Source records:
┄┄┄┄┄┄

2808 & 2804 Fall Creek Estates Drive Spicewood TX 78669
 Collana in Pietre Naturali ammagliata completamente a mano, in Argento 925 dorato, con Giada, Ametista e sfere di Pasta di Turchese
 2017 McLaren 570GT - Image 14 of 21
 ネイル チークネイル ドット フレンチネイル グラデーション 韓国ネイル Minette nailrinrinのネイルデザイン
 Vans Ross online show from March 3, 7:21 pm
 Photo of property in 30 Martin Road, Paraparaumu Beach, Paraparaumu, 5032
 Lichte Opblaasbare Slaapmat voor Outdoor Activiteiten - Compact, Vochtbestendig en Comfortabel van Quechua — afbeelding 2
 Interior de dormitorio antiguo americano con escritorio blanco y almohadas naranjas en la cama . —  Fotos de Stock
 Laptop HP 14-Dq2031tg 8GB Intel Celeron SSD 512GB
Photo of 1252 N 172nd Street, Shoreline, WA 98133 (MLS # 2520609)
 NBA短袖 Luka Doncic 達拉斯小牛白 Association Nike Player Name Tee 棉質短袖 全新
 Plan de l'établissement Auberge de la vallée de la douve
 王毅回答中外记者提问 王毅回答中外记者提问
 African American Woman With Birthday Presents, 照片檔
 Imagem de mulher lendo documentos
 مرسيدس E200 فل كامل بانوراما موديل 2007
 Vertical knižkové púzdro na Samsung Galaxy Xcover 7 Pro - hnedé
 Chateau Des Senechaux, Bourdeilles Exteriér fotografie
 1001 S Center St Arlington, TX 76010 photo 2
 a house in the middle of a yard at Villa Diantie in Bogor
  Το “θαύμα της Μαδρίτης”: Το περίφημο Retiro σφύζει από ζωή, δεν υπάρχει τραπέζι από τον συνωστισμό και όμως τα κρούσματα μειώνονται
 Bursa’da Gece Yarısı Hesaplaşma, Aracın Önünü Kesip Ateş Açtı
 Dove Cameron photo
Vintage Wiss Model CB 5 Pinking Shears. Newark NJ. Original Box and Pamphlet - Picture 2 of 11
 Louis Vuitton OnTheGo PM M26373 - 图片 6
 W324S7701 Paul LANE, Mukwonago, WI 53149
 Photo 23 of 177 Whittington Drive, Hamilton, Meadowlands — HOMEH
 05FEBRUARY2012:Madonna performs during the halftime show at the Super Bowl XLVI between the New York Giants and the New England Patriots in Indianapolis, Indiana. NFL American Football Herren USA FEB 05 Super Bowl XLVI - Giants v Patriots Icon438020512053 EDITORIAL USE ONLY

┄┄┄┄┄┄

### [AIM OF THE TASK]
Set the data down again in full. Keep it exact.

### [ANSWER TO THIS TASK]
2808 & 2804 Fall Creek Estates Drive Spicewood TX 78669
 Collana in Pietre Naturali ammagliata completamente a mano, in Argento 925 dorato, con Giada, Ametista e sfere di Pasta di Turchese
 2017 McLaren 570GT - Image 14 of 21
 ネイル チークネイル ドット フレンチネイル グラデーション 韓国ネイル Minette nailrinrinのネイルデザイン
 Vans Ross online show from March 3, 7:21 pm
 Photo of property in 30 Martin Road, Paraparaumu Beach, Paraparaumu, 5032
 Lichte Opblaasbare Slaapmat voor Outdoor Activiteiten - Compact, Vochtbestendig en Comfortabel van Quechua — afbeelding 2
 Interior de dormitorio antiguo americano con escritorio blanco y almohadas naranjas en la cama . —  Fotos de Stock
 Laptop HP 14-Dq2031tg 8GB Intel Celeron SSD 512GB
Photo of 1252 N 172nd Street, Shoreline, WA 98133 (MLS # 2520609)
 NBA短袖 Luka Doncic 達拉斯小牛白 Association Nike Player Name Tee 棉質短袖 全新
 Plan de l'établissement Auberge de la vallée de la douve
 王毅回答中外记者提问 王毅回答中外记者提问
 African American Woman With Birthday Presents, 照片檔
 Imagem de mulher lendo documentos
 مرسيدس E200 فل كامل بانوراما موديل 2007
 Vertical knižkové púzdro na Samsung Galaxy Xcover 7 Pro - hnedé
 Chateau Des Senechaux, Bourdeilles Exteriér fotografie
 1001 S Center St Arlington, TX 76010 photo 2
 a house in the middle of a yard at Villa Diantie in Bogor
  Το “θαύμα της Μαδρίτης”: Το περίφημο Retiro σφύζει από ζωή, δεν υπάρχει τραπέζι από τον συνωστισμό και όμως τα κρούσματα μειώνονται
 Bursa’da Gece Yarısı Hesaplaşma, Aracın Önünü Kesip Ateş Açtı
 Dove Cameron photo
Vintage Wiss Model CB 5 Pinking Shears. Newark NJ. Original Box and Pamphlet - Picture 2 of 11
 Louis Vuitton OnTheGo PM M26373 - 图片 6
 W324S7701 Paul LANE, Mukwonago, WI 53149
 Photo 23 of 177 Whittington Drive, Hamilton, Meadowlands — HOMEH
 05FEBRUARY2012:Madonna performs during the halftime show at the Super Bowl XLVI between the New York Giants and the New England Patriots in Indianapolis, Indiana. NFL American Football Herren USA FEB 05 Super Bowl XLVI - Giants v Patriots Icon438020512053 EDITORIAL USE ONLY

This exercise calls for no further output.